In this action plaintiff seeks recovery of $1,000 from the United States under the Federal Tort Claims Act, 28 U.S.C.A. §§ 1291, 1346, 1402, 1504, 2110, 2401, 2402, 2411, 2412, 2671-2680, for damages to his automobile, resulting from a collision with a diesel-electric locomotive of the defendant at a place where the highway crosses defendant's railroad.
I viewed the scene of the collision and the approaches to it, with the consent, and in the presence of counsel for both parties, after having heard the testimony.
In compliance with Rule 52(a) of the Federal Rules of Civil Procedure, 28 U.S. C.A., I find the facts specially and state my conclusions of law thereon, in the above cause, as follows:
Findings of Fact
At about 3:30 o'clock p. m. on August 17, 1948, plaintiff's wife was driving his 1934 Ford Coach automobile, with her small child and young brother-in-law on the seat beside her, on an unimproved public road in Greenville County, South Carolina. The road was rough with deep ruts. It crosses the railway of the defendant at approximately right angles. Defendant's railroad runs from its railroad at the Greenville Air Base to Gantt Station, a junction point with a line of the Southern Railway Company, in a rural section for a distance of about six miles. Mrs. Carroll was using the car with her husband's consent and permission and for a family purpose. Plaintiff and his family lived about one mile from the scene of the collision, and plaintiff's wife was thoroughly familiar with the crossing at which the collision occurred. She had driven over it a number of times. Crossing railway signs, visible for a considerable distance, were erected on both sides of the railroad tracks.

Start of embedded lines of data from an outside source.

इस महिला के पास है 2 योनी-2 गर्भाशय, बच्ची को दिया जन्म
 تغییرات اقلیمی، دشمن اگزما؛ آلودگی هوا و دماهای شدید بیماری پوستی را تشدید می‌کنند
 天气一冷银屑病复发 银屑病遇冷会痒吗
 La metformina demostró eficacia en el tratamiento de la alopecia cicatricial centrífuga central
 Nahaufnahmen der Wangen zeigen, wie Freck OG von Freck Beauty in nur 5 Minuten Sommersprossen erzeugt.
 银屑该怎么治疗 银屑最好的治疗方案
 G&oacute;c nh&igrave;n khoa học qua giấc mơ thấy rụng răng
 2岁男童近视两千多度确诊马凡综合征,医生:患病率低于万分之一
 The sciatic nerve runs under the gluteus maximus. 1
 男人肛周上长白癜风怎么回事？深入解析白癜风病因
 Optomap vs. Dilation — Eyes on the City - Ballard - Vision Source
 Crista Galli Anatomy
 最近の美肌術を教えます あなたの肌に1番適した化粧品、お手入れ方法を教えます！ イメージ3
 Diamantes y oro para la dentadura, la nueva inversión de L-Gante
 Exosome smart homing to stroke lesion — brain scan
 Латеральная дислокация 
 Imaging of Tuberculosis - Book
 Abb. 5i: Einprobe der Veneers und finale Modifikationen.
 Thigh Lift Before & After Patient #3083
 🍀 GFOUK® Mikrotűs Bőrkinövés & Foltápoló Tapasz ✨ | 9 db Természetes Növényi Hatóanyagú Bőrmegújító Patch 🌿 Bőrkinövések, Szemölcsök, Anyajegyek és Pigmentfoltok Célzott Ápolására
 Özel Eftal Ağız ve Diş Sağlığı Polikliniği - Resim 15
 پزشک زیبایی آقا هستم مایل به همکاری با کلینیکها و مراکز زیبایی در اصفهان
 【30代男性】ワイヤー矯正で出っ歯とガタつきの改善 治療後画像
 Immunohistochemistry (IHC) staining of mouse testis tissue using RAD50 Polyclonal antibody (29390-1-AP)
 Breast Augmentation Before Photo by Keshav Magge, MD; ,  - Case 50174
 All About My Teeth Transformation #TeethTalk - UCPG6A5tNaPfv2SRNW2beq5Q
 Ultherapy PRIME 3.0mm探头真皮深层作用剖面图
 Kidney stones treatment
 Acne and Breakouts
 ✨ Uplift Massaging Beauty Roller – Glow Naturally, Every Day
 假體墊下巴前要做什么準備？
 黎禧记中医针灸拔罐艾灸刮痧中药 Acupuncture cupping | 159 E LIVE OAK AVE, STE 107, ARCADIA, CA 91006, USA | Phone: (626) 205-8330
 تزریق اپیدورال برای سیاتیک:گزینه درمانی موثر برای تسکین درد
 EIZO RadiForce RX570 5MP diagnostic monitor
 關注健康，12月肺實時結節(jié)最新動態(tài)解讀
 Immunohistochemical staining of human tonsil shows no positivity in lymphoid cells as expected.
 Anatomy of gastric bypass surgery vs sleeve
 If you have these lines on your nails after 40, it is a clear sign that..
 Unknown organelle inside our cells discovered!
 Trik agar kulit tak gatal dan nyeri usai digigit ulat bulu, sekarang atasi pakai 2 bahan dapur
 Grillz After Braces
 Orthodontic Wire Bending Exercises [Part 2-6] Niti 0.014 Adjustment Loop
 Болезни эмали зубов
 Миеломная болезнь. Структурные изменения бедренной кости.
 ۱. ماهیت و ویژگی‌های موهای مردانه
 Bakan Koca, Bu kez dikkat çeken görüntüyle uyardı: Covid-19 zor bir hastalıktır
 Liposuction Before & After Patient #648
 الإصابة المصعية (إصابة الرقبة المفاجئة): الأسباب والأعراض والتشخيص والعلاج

Defendant's locomotive was electrically propelled. On the day of the collision it was being operated by its civilian employee, Noah E. George, while acting in the scope of his employment in returning to the Air Base from Gantt Station at the junction with the Southern Railway, and was pulling no cars at the time. Defendant's engineer, from his cab, while at a distance of about six hundred feet from the crossing, saw plaintiff's car approaching at a slow speed. The engineer did not sound the whistle or ring the bell, with which the locomotive was equipped, at a distance of at least five hundred yards from the crossing, but sounded the whistle a few seconds before the collision when he saw that plaintiff's wife was not going to stop for the crossing. Mrs. Carroll approached the crossing at a speed of about fifteen to twenty miles per hour, and did not see the locomotive until she was only "a few feet" from the track, at which time, in an effort to avoid a collision, she turned the automobile toward her left, the direction from which the locomotive was coming, but so closely to the track that the steps on the right side of the locomotive struck the automobile, turning it back toward the right against the railway crossing sign. The car was knocked into the ditch, breaking the railway crossing sign. The occupants of the car were not injured. The defendant's locomotive was equipped with a governor which would not permit it to travel in excess of twenty miles per hour and it was traveling at a speed of twenty miles an hour when it came to the crossing. While at a considerable distance back down the road on which plaintiff's automobile was traveling, the driver's view to the left, from which the locomotive was approaching, was obstructed on the left side of the road by a bank and by weeds and peas growing in the fields. After passing such obstructions there was at least seventy feet from the crossing an unobstructed view for plaintiff's wife to have seen the approaching locomotive and to have brought the automobile to a stop before reaching the tracks of the defendant.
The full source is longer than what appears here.